◆ **Problem**: A faithful, complete transcript of the entries below, without pictures, should be returned.

◆ **Input records**:
_ _ _ _
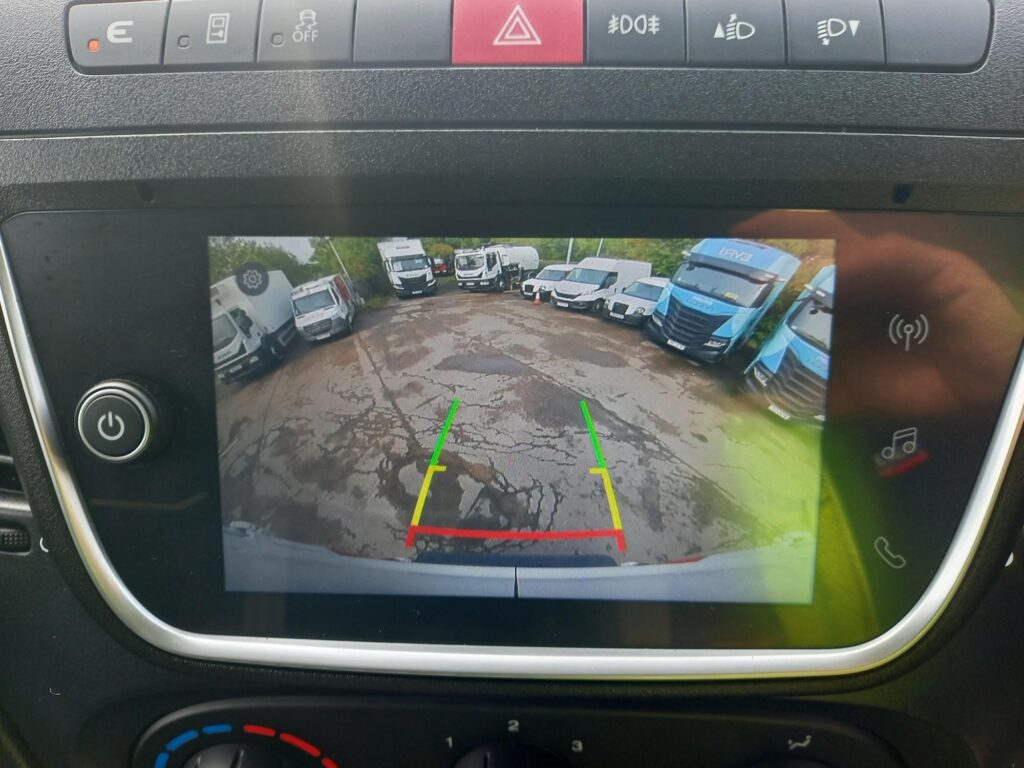 Iveco Daily 2.3D HPI 14V 35S 4100 Panel Van 5dr Diesel HiMatic LWB H2 Euro 6 (s/s) (136 ps)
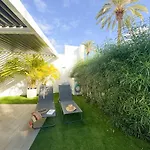 Porto Mare 42 With Heated Pool On The Front Line By Tenpropertiesgc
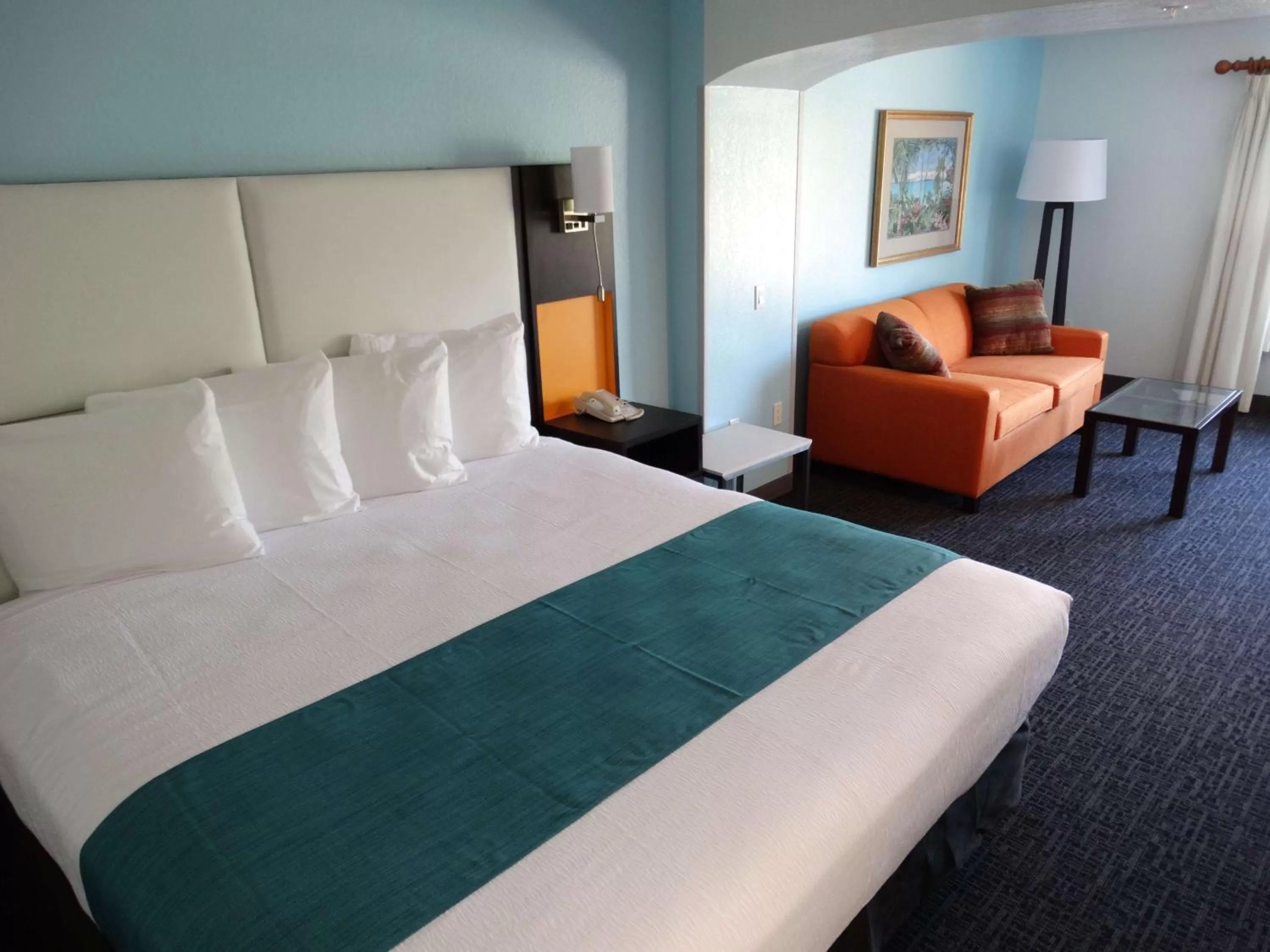 Photo of the whole room, Bed in Best Western Plus Orlando Lake Buena Vista South Inn & Suites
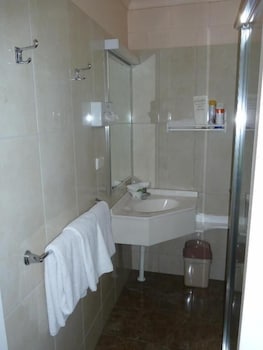 Mandalay Motel - Sunshine Coast Tourism 2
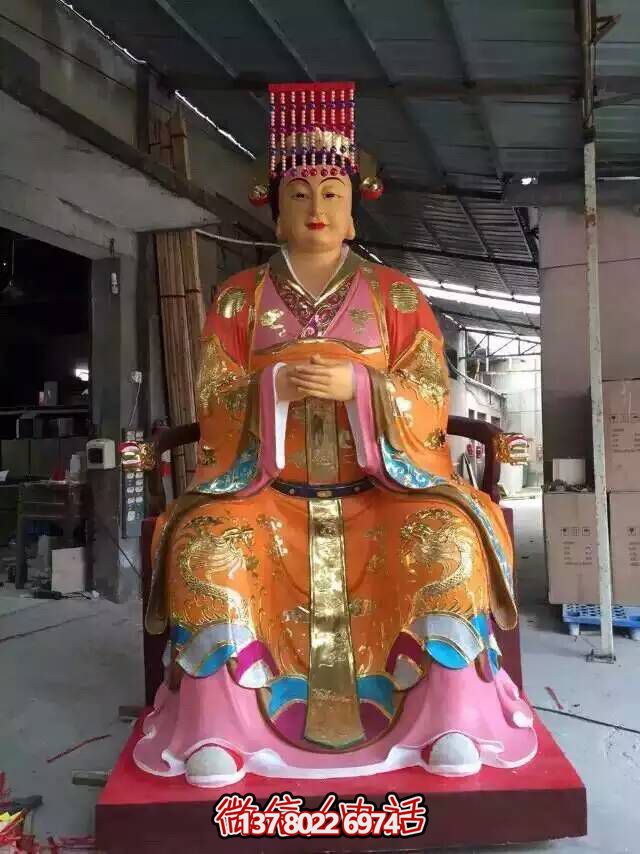 王母娘娘純銅雕塑，屹立于寺廟之中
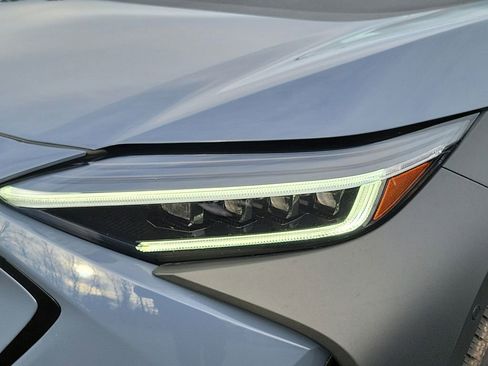 Certified 2023 Subaru Solterra AWD image 9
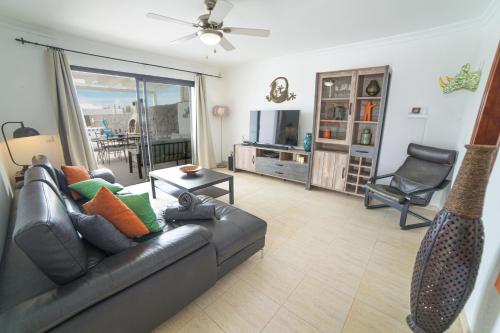 Extraordinary Playa Blanca Villa 3 Bedrooms Villa Naraku Spacious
_ _ _ _
◆ **Result of the exercise**:
 Iveco Daily 2.3D HPI 14V 35S 4100 Panel Van 5dr Diesel HiMatic LWB H2 Euro 6 (s/s) (136 ps)
 Porto Mare 42 With Heated Pool On The Front Line By Tenpropertiesgc
 Photo of the whole room, Bed in Best Western Plus Orlando Lake Buena Vista South Inn & Suites
 Mandalay Motel - Sunshine Coast Tourism 2
 王母娘娘純銅雕塑，屹立于寺廟之中
 Certified 2023 Subaru Solterra AWD image 9
 Extraordinary Playa Blanca Villa 3 Bedrooms Villa Naraku Spacious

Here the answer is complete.